Stored data
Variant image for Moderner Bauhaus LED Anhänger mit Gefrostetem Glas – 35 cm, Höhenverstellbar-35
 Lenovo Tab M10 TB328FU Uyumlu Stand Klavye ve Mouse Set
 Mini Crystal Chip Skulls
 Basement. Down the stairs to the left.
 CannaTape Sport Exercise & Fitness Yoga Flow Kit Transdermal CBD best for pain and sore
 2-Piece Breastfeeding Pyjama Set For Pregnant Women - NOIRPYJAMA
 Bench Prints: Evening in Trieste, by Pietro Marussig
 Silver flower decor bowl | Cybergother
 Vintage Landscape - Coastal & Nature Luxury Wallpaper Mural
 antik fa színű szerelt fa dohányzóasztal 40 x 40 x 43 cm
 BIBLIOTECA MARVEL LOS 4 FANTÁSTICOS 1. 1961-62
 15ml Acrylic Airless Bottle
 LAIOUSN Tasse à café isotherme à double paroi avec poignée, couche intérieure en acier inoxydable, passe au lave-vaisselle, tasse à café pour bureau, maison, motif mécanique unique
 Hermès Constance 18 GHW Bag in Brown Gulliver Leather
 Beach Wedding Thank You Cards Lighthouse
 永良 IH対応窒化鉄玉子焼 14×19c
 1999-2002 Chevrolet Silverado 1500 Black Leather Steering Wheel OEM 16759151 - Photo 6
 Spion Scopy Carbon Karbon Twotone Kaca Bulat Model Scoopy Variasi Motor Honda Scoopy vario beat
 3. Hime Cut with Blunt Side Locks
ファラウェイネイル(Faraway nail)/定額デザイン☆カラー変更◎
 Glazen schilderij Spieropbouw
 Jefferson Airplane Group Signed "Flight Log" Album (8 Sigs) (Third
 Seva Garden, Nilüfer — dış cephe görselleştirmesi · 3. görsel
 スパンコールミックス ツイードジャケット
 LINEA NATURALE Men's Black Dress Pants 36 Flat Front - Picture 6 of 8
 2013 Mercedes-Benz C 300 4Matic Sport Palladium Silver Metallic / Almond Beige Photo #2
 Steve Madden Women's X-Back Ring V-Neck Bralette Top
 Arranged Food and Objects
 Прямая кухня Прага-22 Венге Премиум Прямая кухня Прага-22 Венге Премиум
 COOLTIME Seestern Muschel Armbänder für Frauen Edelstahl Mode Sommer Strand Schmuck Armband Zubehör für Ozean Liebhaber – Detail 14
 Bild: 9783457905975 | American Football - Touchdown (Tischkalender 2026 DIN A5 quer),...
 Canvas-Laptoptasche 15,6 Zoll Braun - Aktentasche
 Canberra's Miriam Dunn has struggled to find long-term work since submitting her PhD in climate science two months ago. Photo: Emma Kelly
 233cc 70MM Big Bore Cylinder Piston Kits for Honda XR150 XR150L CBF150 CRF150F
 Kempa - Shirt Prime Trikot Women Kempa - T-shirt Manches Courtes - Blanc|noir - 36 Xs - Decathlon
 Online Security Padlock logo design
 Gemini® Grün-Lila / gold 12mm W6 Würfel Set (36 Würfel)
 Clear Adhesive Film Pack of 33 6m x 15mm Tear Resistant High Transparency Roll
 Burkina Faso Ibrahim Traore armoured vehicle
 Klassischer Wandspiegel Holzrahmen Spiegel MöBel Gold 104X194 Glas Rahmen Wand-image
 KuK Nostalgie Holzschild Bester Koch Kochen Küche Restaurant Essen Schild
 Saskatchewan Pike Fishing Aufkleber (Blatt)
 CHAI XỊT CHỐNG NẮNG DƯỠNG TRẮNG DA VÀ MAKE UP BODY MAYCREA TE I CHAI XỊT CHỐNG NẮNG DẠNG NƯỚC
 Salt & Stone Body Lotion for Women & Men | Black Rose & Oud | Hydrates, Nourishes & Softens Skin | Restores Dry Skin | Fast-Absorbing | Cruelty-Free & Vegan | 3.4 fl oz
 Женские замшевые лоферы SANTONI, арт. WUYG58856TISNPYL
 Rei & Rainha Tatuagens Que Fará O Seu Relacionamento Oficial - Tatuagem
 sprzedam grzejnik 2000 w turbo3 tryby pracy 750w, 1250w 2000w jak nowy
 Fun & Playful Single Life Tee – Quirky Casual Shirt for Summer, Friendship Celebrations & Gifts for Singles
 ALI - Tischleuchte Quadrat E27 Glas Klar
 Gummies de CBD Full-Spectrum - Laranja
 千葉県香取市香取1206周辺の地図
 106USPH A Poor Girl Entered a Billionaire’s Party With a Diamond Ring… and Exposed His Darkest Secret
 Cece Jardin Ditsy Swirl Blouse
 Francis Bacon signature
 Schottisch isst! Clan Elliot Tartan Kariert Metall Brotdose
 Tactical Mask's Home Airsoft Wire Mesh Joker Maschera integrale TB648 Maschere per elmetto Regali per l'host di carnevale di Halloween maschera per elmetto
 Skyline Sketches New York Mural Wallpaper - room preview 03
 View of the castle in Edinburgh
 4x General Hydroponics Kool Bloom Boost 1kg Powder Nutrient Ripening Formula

- WHAT THE EXERCISE ASKS:
Copy, from the lines above, each one that holds "Glas".

- ANSWER FOR THIS EXERCISE:
Variant image for Moderner Bauhaus LED Anhänger mit Gefrostetem Glas – 35 cm, Höhenverstellbar-35
 Klassischer Wandspiegel Holzrahmen Spiegel MöBel Gold 104X194 Glas Rahmen Wand-image
 ALI - Tischleuchte Quadrat E27 Glas Klar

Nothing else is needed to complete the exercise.